Who would have predicted that two and a bit years ago this blog would still be ignored by everyone (excepting random abuse hurled our way) and I'd be staring down the barrel of writing my two-hundredth piece? Well, me, I figured my life wouldn't have much moved on. So I've brought you some very bitter things about Tool.
|Maynard James Keenan|
Photo: Paul Bergen
When I was a teenager, in the mid-noughties, we piggybacked the gen-x sense of nihilism and self-awareness by liking Bill Hicks, and listening to Nirvana and Tool. I hope to grow out of these interests, and have become more self-critical of them; but many of my contemporaries have not. That’s the biggest problem with Tool and a lot of the other nineties nostalgia properties, their chief theme of kicking away from the Regan eighties is doubly irrelevant in the post Bush/Blair world and to the UK mindset. These same revolutionary acts such as Bill Hicks are frequently ruined by their fans. Tool are a fascinating band with reliably interesting music derailed by idiot fans. When I say idiot fans, make no mistake, I mean tier-one simpletons. The sort of people who profess to love Fight Club seemingly without understanding the point of that book. People who on the one hand appreciate the multiple layers of the excellent H. and on the other say without irony “hey, we should all think for ourselves, like Bill Hicks told us to”. Opinion on Tool’s music is neatly divided, between these sort of non-sentient morons who blindly defend the liner note image of a cow licking its rectum, and the sort of semi-critical non-tribal homo sapiens who might appreciate some of the things Tool do but are far put off by the former camp to actually try them out.

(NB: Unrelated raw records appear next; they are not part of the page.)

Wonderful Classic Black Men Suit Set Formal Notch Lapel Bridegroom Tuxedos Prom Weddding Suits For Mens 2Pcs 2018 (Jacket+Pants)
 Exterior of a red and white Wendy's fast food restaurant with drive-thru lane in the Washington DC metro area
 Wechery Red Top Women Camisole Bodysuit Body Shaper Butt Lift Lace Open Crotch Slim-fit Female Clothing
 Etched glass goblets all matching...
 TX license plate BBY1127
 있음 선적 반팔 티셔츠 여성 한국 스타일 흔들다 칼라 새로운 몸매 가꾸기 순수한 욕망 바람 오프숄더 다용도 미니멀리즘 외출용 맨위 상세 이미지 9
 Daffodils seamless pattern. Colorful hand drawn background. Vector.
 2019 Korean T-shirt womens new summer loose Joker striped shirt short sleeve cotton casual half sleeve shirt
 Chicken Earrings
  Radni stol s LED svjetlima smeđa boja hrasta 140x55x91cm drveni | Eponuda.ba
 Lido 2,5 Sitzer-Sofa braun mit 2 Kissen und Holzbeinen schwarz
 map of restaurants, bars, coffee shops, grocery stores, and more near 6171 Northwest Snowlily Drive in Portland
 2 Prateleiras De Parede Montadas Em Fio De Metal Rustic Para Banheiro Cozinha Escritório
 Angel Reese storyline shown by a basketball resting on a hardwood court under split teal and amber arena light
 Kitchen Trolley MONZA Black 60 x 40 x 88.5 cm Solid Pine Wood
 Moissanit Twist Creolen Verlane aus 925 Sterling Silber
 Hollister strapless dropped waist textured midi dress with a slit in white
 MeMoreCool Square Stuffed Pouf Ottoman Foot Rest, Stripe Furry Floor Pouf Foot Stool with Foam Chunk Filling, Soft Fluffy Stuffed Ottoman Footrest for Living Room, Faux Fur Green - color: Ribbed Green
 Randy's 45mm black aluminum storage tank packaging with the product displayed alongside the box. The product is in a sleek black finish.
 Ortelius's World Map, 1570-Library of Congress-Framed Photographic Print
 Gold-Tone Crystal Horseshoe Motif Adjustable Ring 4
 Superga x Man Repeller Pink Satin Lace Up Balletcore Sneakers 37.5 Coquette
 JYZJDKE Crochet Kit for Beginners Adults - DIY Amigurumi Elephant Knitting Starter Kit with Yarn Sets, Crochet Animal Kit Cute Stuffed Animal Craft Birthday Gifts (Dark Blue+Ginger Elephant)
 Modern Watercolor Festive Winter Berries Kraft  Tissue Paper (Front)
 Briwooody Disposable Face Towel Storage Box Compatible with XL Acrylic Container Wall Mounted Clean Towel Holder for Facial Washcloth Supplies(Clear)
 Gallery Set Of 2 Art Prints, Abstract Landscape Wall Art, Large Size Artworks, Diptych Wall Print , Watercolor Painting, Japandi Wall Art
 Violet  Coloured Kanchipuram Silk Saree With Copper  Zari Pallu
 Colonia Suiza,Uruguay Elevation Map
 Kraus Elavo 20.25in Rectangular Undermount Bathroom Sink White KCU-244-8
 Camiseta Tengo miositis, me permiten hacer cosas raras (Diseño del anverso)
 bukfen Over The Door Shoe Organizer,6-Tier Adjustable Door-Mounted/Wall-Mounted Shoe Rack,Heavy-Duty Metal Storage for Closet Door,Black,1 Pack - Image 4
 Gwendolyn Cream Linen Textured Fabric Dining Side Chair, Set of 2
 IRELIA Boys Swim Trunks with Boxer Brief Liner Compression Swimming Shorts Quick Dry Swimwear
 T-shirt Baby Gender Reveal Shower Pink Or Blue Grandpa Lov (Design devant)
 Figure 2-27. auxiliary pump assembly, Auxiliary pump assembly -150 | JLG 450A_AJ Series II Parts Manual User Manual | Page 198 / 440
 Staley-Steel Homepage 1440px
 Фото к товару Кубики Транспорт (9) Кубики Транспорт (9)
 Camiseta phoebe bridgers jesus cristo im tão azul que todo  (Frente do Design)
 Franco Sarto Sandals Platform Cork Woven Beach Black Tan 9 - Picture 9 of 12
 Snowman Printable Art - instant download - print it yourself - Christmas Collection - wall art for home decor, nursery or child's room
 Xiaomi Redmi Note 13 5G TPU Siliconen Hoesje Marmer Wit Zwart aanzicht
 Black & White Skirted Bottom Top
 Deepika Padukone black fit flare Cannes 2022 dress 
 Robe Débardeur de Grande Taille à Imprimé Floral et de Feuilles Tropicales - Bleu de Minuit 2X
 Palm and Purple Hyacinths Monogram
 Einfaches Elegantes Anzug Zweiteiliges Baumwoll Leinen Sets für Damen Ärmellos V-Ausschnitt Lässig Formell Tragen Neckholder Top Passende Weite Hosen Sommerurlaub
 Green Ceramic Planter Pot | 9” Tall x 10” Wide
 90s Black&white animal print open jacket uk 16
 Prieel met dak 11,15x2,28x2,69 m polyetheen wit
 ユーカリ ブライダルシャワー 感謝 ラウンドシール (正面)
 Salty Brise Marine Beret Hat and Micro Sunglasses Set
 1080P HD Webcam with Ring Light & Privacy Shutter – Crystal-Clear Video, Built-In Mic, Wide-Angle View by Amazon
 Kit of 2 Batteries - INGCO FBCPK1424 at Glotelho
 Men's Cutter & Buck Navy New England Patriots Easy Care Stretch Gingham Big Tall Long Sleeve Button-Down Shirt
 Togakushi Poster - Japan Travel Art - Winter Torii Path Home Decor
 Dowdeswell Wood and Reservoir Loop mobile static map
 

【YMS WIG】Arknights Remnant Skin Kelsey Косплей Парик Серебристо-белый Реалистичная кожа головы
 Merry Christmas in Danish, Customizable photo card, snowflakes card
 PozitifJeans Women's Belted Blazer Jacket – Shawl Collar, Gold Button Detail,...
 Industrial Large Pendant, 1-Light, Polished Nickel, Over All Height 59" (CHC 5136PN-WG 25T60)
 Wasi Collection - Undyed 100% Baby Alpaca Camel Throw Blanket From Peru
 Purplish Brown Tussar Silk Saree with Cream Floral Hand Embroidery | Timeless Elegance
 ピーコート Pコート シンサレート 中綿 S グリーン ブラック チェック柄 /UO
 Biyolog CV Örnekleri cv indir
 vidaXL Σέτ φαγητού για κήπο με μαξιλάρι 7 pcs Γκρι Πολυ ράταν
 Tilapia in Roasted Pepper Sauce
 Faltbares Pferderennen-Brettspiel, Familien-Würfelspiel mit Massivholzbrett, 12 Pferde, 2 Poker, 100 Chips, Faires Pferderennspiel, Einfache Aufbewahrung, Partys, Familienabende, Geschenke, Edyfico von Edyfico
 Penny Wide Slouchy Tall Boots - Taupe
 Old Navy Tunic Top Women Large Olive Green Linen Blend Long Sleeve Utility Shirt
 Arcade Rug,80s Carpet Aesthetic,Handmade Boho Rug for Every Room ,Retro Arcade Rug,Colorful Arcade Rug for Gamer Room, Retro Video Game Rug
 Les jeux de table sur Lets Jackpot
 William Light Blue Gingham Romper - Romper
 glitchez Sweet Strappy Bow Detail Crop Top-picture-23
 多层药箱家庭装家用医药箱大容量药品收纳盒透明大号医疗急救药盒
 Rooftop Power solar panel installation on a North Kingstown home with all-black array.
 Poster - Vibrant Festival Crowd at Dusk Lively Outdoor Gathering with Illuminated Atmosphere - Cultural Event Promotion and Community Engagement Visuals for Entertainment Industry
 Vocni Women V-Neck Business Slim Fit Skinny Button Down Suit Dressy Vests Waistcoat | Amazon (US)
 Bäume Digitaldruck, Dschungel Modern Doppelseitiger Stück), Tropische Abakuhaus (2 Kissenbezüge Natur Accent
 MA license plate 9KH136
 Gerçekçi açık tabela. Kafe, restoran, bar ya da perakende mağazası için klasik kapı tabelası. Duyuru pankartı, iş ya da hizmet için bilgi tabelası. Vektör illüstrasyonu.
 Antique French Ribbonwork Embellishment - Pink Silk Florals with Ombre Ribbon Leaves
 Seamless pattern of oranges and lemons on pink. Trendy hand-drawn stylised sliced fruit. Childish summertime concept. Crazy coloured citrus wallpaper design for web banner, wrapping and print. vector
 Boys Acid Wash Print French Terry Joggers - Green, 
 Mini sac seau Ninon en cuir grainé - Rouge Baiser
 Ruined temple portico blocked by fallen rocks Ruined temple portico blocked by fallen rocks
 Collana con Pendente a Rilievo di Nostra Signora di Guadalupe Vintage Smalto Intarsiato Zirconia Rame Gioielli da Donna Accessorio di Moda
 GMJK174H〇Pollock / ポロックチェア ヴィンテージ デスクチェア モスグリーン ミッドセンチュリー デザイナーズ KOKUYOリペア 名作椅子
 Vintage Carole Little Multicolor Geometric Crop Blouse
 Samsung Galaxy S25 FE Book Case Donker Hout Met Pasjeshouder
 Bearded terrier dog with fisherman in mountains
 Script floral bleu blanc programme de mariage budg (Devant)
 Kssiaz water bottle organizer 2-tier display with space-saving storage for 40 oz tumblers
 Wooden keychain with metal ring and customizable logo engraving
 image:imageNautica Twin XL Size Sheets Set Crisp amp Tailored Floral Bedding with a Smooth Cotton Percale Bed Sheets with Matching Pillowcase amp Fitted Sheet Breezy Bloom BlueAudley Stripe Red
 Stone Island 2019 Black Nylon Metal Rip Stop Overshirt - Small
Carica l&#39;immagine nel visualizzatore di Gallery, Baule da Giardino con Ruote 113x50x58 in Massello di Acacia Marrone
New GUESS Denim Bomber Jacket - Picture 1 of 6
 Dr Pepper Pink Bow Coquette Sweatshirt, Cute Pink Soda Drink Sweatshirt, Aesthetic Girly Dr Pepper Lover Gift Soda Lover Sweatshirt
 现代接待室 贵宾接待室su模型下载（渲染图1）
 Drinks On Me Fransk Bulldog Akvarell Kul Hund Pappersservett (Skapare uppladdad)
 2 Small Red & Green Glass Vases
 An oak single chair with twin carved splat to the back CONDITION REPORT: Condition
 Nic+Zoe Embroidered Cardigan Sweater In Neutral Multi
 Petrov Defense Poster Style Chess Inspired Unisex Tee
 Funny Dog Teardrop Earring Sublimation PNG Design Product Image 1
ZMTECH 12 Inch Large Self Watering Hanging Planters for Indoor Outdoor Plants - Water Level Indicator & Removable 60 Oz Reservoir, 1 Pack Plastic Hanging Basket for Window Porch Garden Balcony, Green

First coming into my awareness with harder, heavier Nirvana riffs, and on the nose comments guaranteed to put the shits up even the most liberal of parents, a debut EP littered with phrases like “throw that Bob Marley wannabe motherfucker out of here!” The stop start reflective songs hinted at something musically, emotionally and philosophically deeper than anything I’d heard up to that point. They didn’t really resonate as a Great Band until I was loaned a copy of their 2006 album 10,000 Days (along with a copy of Pure Reason Revolution’s the Dark Third, which is still the Best Record Ever Made Ever), which revealed over a decade of nudging the mainstream had mellowed out Tool’s creative elements as well as deepening them. Maynard’s crystalline vocal fractures into pieces throughout, and the nihilistic lyrics are crafted to shatter into your subconscious, always peaking on a resonant word, just Vicarious features peaks on “monster”, “blood” and “watch things die”. Musically it occupies a place somewhere between rock and metal, but not the same place grunge did. It was an album that landed Hiroshima-style in my consciousness. I’d been exposed to very little difficult music up to that point, and the Tool album was infinitely replayable, as all their albums turned out to be. Each song and moment seems deeply meditated upon, even the blatant mis-steps have been mulled and considered and weighed against the rest of the record until a sort of karmatic balance presents itself. There is a richness in feeling that emerges from Tool albums effortlessly, and it helps that they’re insanely overproduced. Their albums sit poised like a sword balanced on a point, the emphasis within them not necessarily balanced but utterly level.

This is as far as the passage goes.